Set down each of the records below exactly as it reads. No pictures go into the copy.

§ **INPUT RECORDS**
+++++
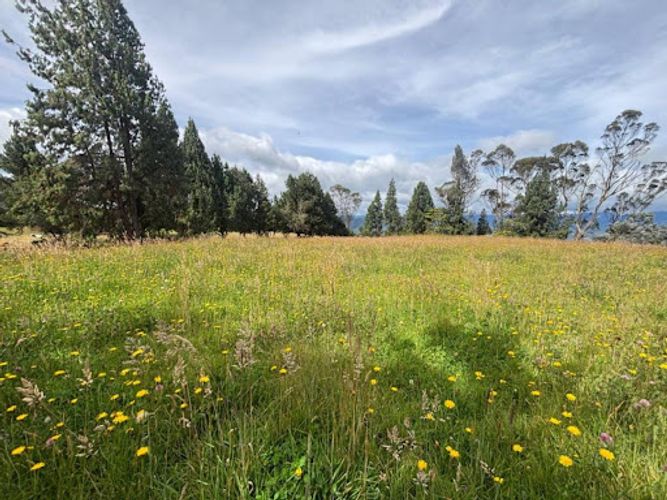 Lote en venta en Yerbabuena, Chía, 5000 m² · foto 6 de 12
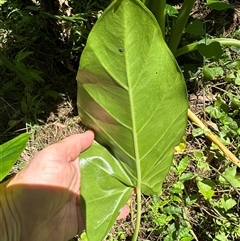 Alocasia brisbanensis at Kangaroo Valley, NSW - 3 Apr 2025 12:25 PM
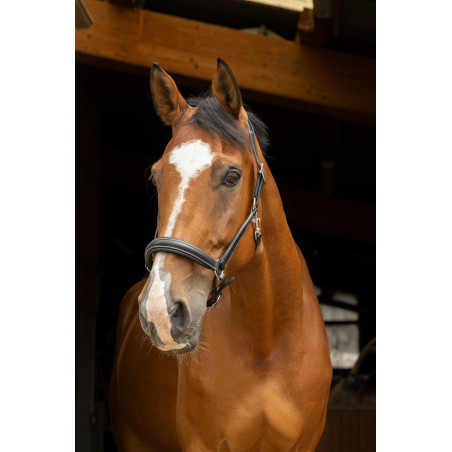 Licol anatomique Norton Pro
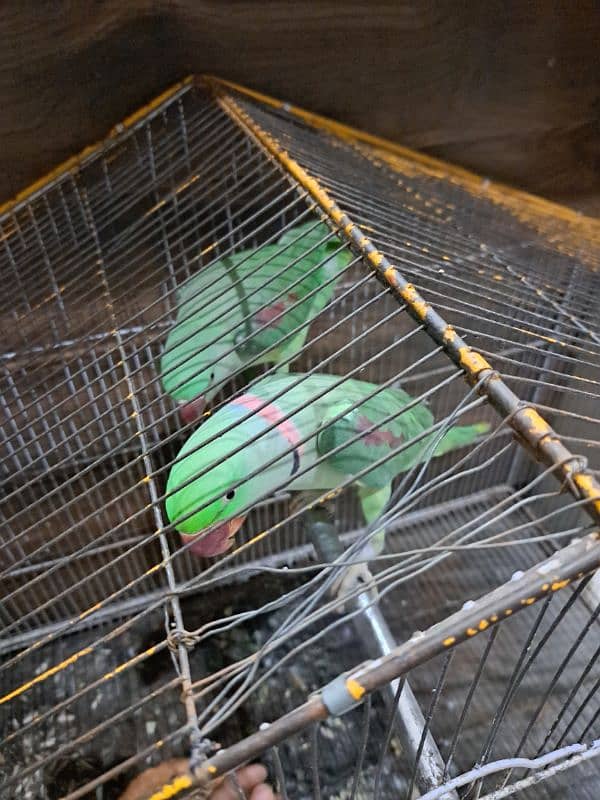 raw parrot pair sale 2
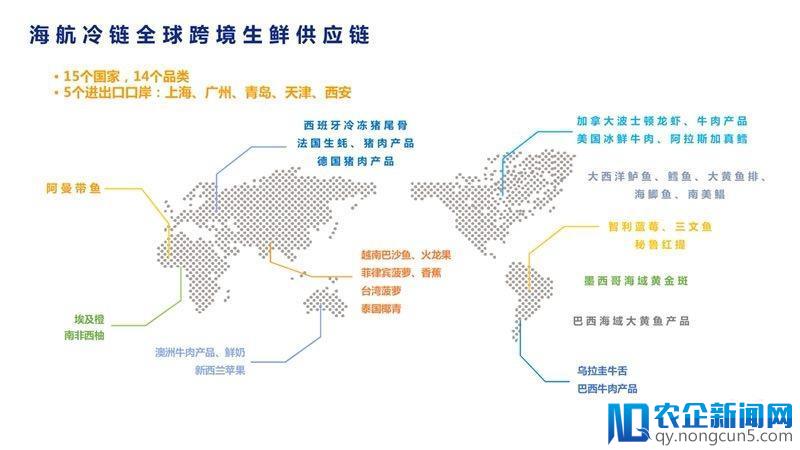 从源头到舌尖，全链条冷链赋能“健康餐桌”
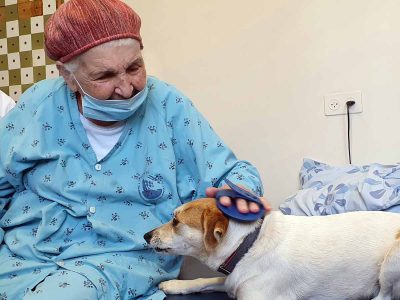 מסקרן: פיילוט לשילוב כלבים במחלקת שיקום       
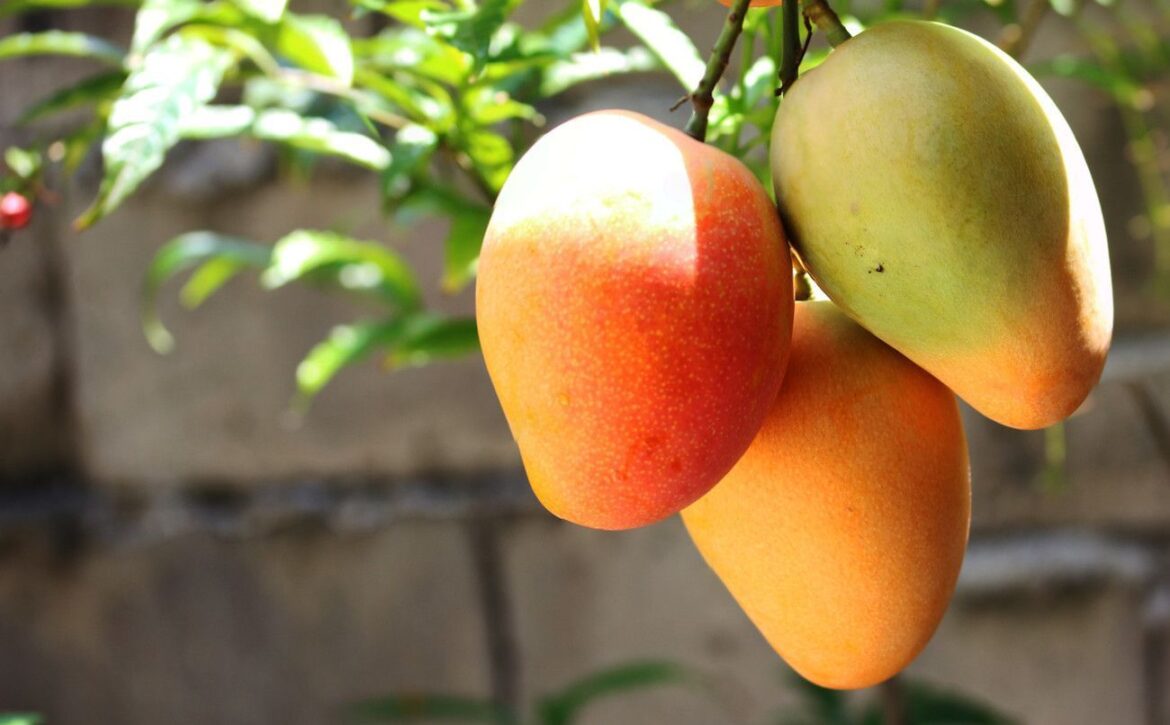 El mango, una exquisitez popular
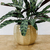 Maceta Flora XL - tienda online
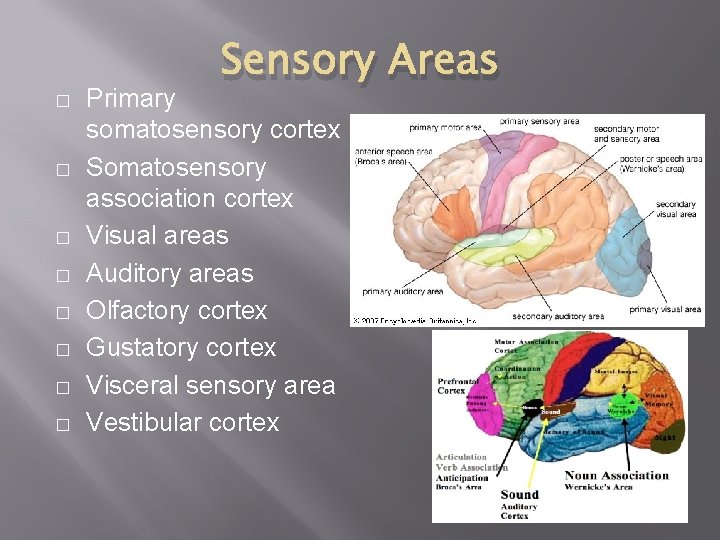 � � � � Sensory Areas Primary somatosensory cortex Somatosensory association cortex Visual areas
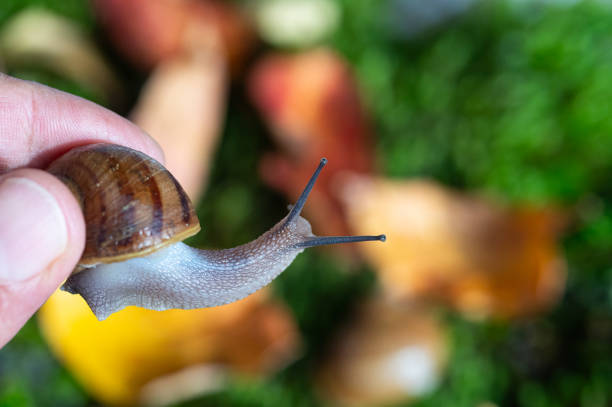 istock He's got a snail in his hand. 1967221338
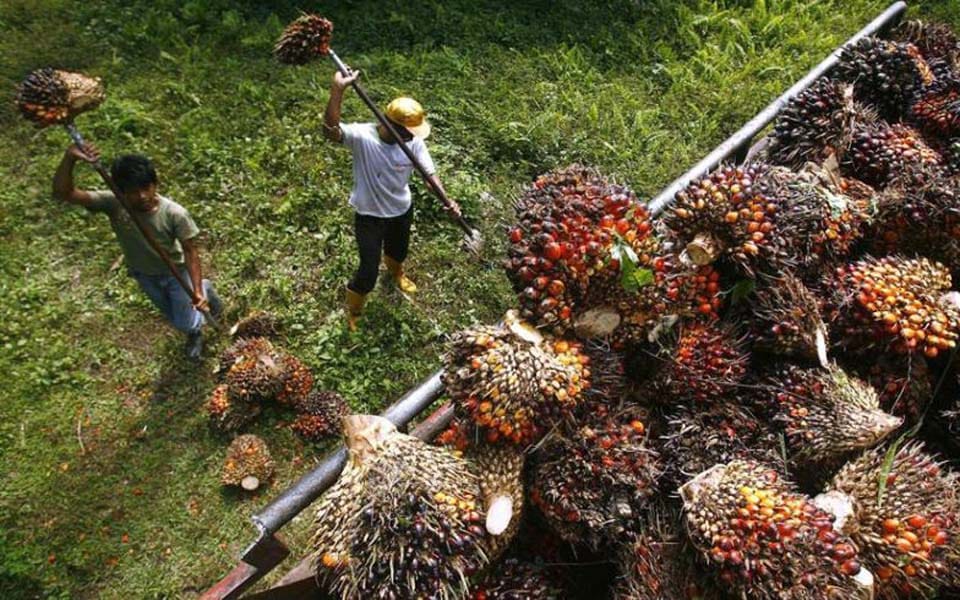 Foto: Buruh Perkebunan Sawit.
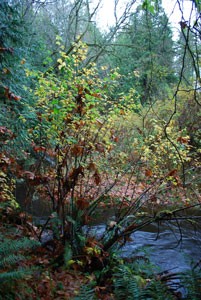 S-Curve Preserve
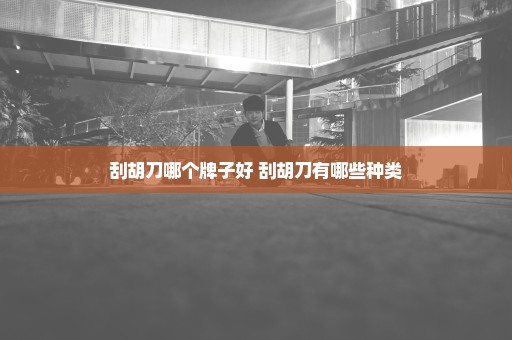 刮胡刀哪个牌子好 刮胡刀有哪些种类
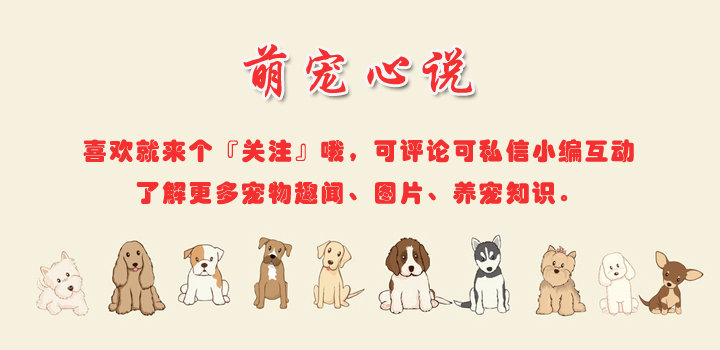 辟谣丨用棉签能让母猫停止发情？无知！小心你的“爱”要了猫的命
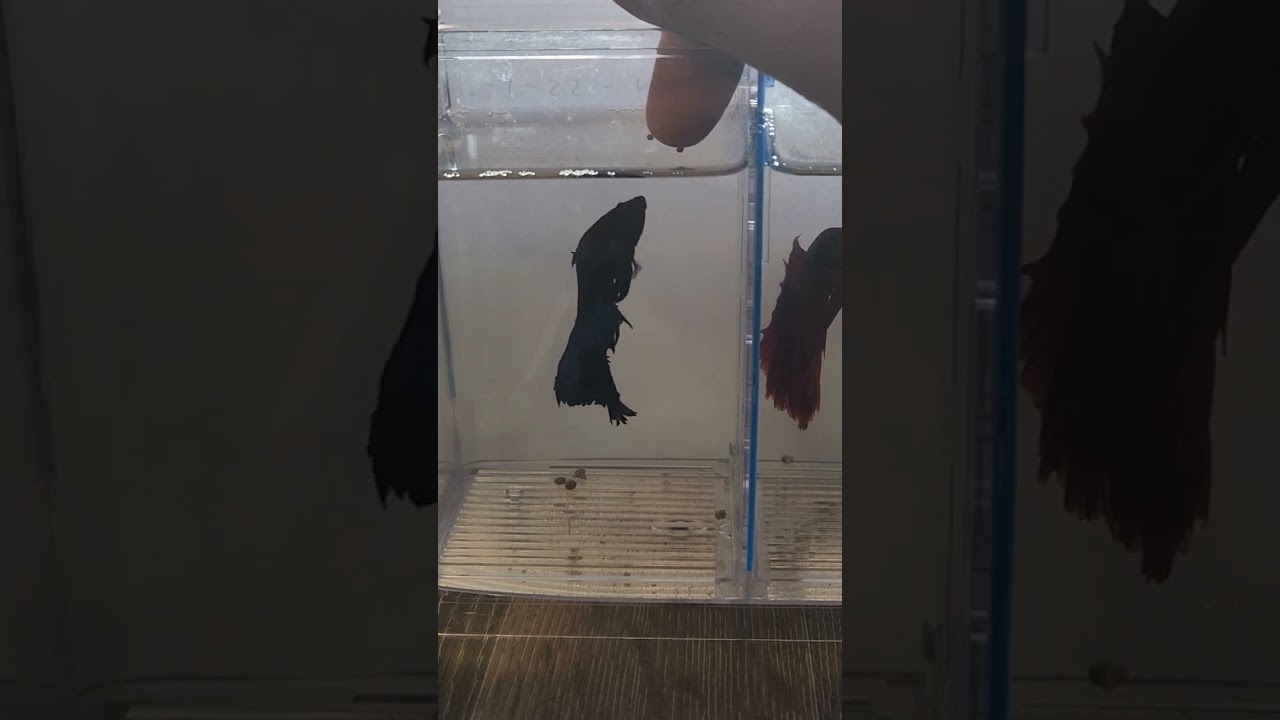 Watch video HAND FEEDING BETTA - FIGHTER FISH Now HAND FEEDING BETTA - FIGHTER FISH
+++++
§ **ANSWER SPACE**
 Lote en venta en Yerbabuena, Chía, 5000 m² · foto 6 de 12
 Alocasia brisbanensis at Kangaroo Valley, NSW - 3 Apr 2025 12:25 PM
 Licol anatomique Norton Pro
 raw parrot pair sale 2
 从源头到舌尖，全链条冷链赋能“健康餐桌”
 מסקרן: פיילוט לשילוב כלבים במחלקת שיקום       
 El mango, una exquisitez popular
 Maceta Flora XL - tienda online
 � � � � Sensory Areas Primary somatosensory cortex Somatosensory association cortex Visual areas
 istock He's got a snail in his hand. 1967221338
 Foto: Buruh Perkebunan Sawit.
 S-Curve Preserve
 刮胡刀哪个牌子好 刮胡刀有哪些种类
 辟谣丨用棉签能让母猫停止发情？无知！小心你的“爱”要了猫的命
 Watch video HAND FEEDING BETTA - FIGHTER FISH Now HAND FEEDING BETTA - FIGHTER FISH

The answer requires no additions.